Stored data:
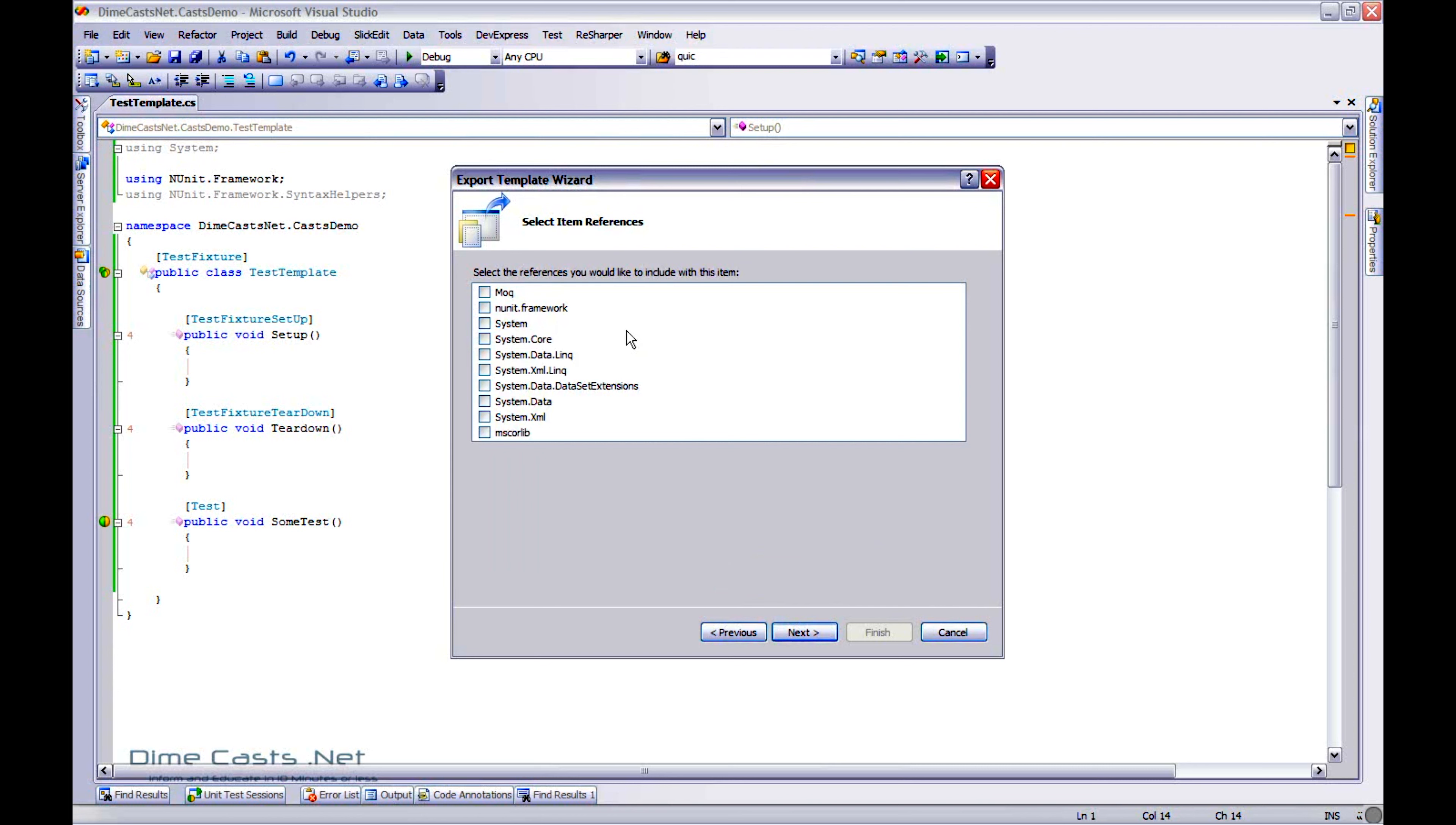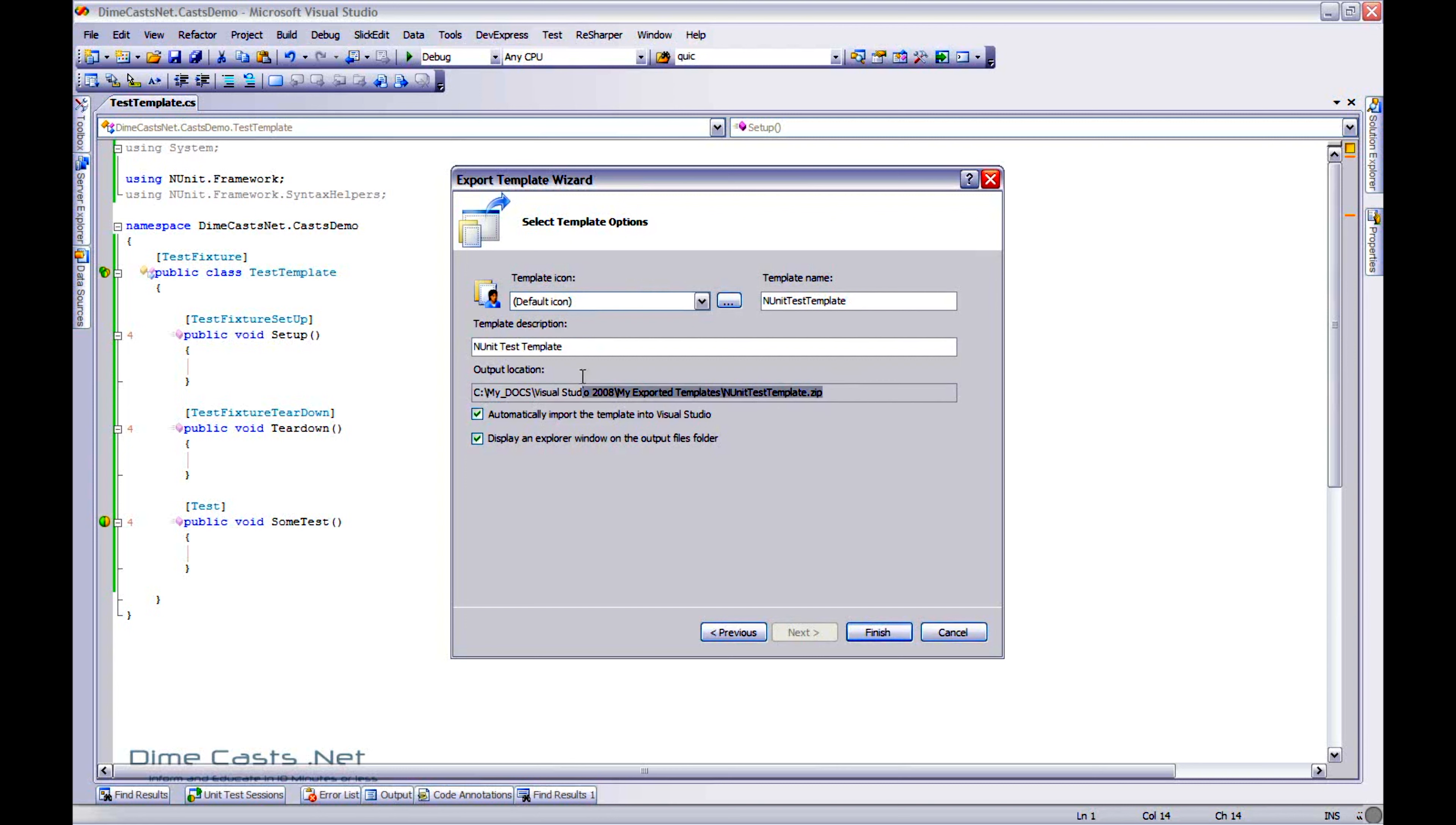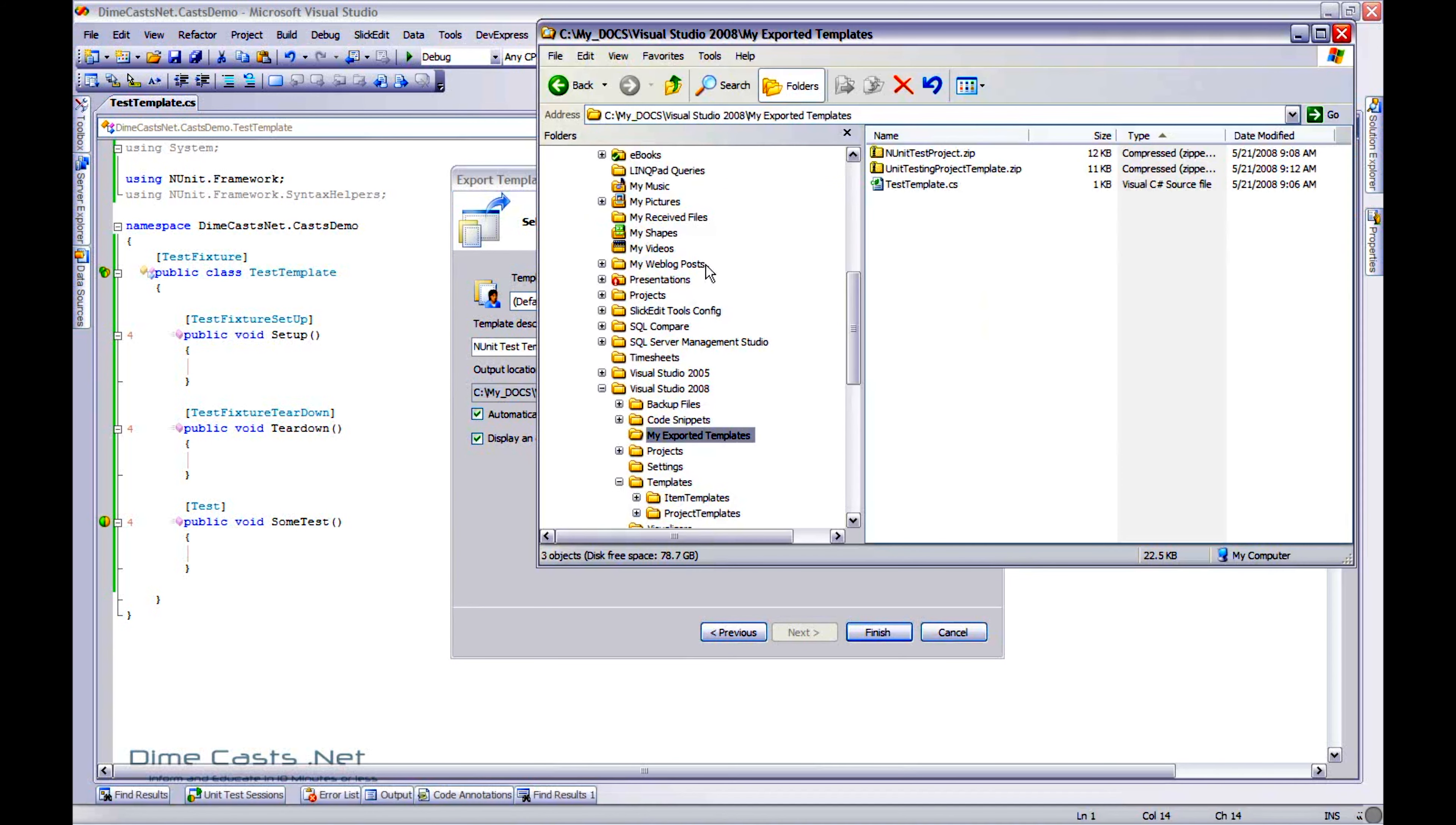And which references do I want to include? Let's do NUnit Framework, System, and that's about it. What are we going to call this? NUnit Test Template. Now, pay close attention because this is where it's actually going to output the template information for you. I've actually already opened up my Windows Explorer there.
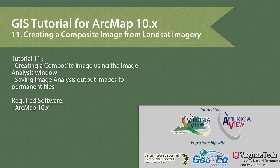In tutorial 11, we will cover creating a composite image from Landsat imagery and saving the new image as a permanent dataset.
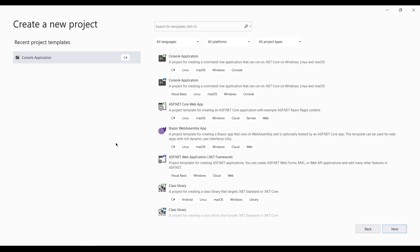Hello everyone, welcome back to my channel. Today we are going to learn about how to create .NET Core based MQTT clients, and in addition to that we will also see how to achieve pub/sub communication by running two clients simultaneously.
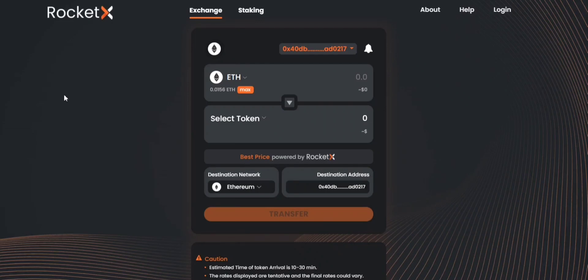Hello everyone, welcome to RocketX. In today's video I'm going to show you how to transfer BUSD from one network to another using RocketX.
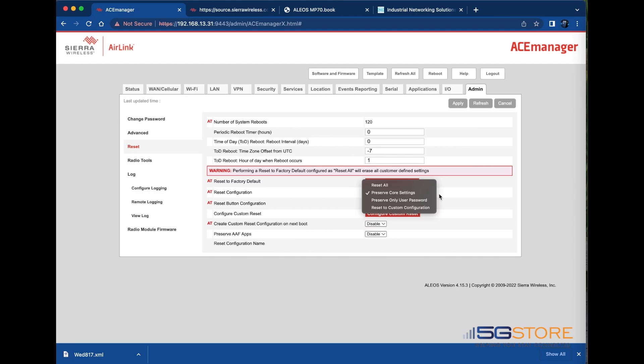After clicking reset to factory default a confirmation message appears. After confirming that you want to continue a warning appears notifying you that passwords will be reset. Next option is preserve only user password. All settings except the user password are returned to the factory default values on reset to factory default.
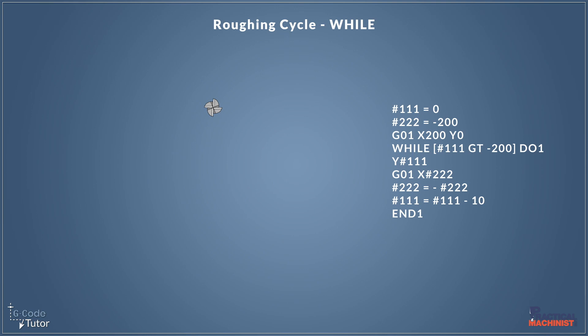Hi, I'm Mark from G-Code Tutor and I'm here today with Practical Machinist once more to look at how we can remove a large amount of material with only nine lines of G-Code, and we do that by writing a macro program using a while loop.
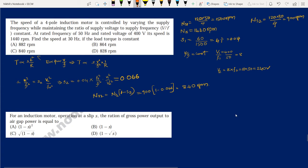Next: speed of an induction motor is controlled by varying frequency while maintaining V/F constant. Rated frequency is 50 Hz, rated voltage is 400 V, initial speed is 1440 rpm. Find the speed at 30 Hz with constant load torque. Initial synchronous speed Ns1 = 120×50/4 = 1500 rpm, initial slip S1 = (1500−1440)/1500 = 0.04. New synchronous speed Ns2 = 120×30/4 = 900 rpm.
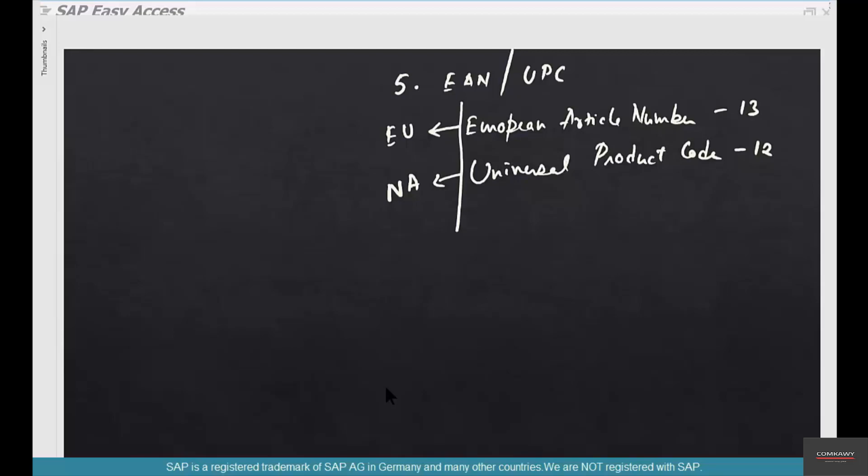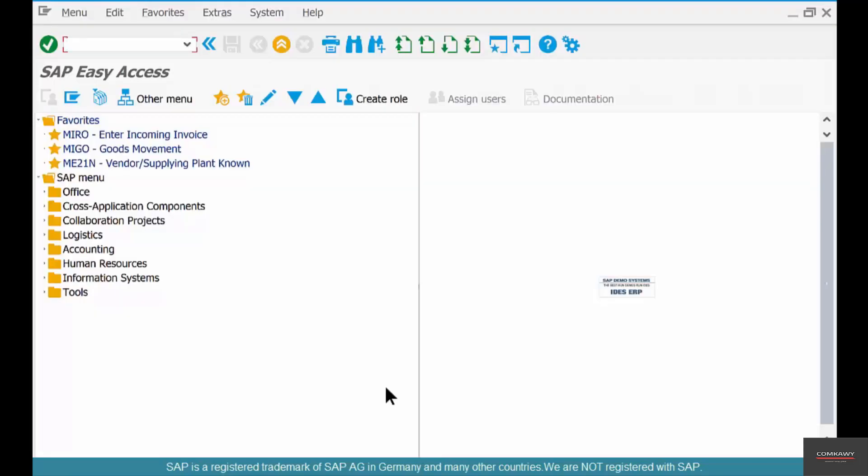If the customer or end user is interacting with them a lot on the retail shelves, then you need EAN and UPC. These numbers will be allocated by a consortium and they'll just be assigned to the material master. So where do you do that?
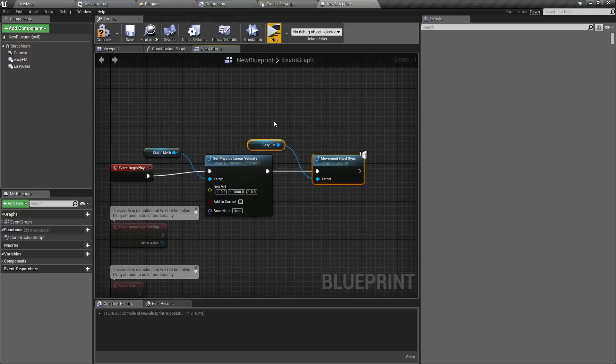And that's it for our quick tutorial. If you didn't understand something, it's best to take a look at the example project. If there's interest, I could do a more in-depth walkthrough of the project where I explain why certain parts are set up the way they are.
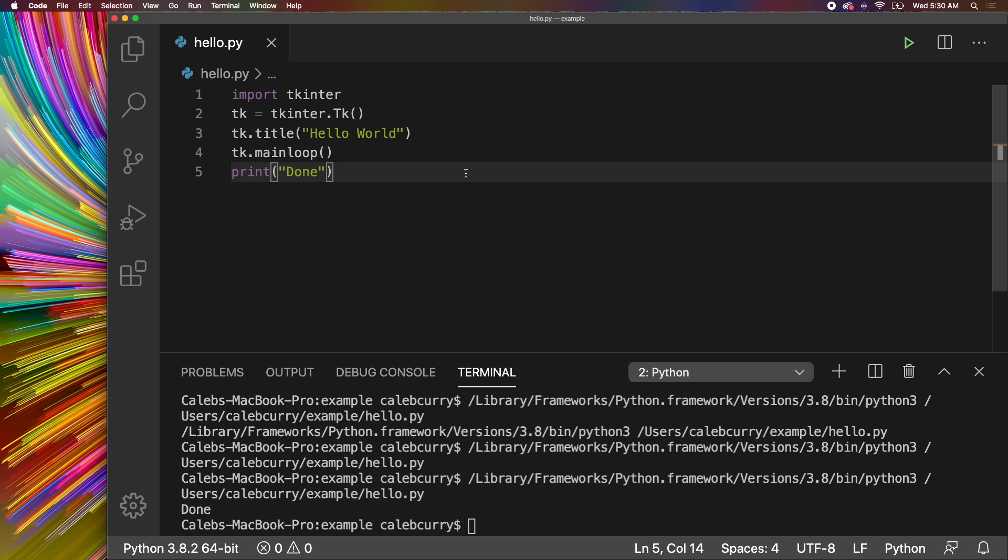And if you want a challenge, why don't you try to implement something like that in the terminal? Or if you're feeling ballsy, then go ahead and try to figure out how to do that in tkinter. Although there are a lot of new concepts for that. So if you're brand new to this, I'd recommend you just think about how to do this in the terminal.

*Activity*
Could you reproduce exactly, and only, the lines from the start of the records through the line containing "In tutorial 11, we", leaving out the pictures?

*Response below*
And which references do I want to include? Let's do NUnit Framework, System, and that's about it. What are we going to call this? NUnit Test Template. Now, pay close attention because this is where it's actually going to output the template information for you. I've actually already opened up my Windows Explorer there.
In tutorial 11, we will cover creating a composite image from Landsat imagery and saving the new image as a permanent dataset.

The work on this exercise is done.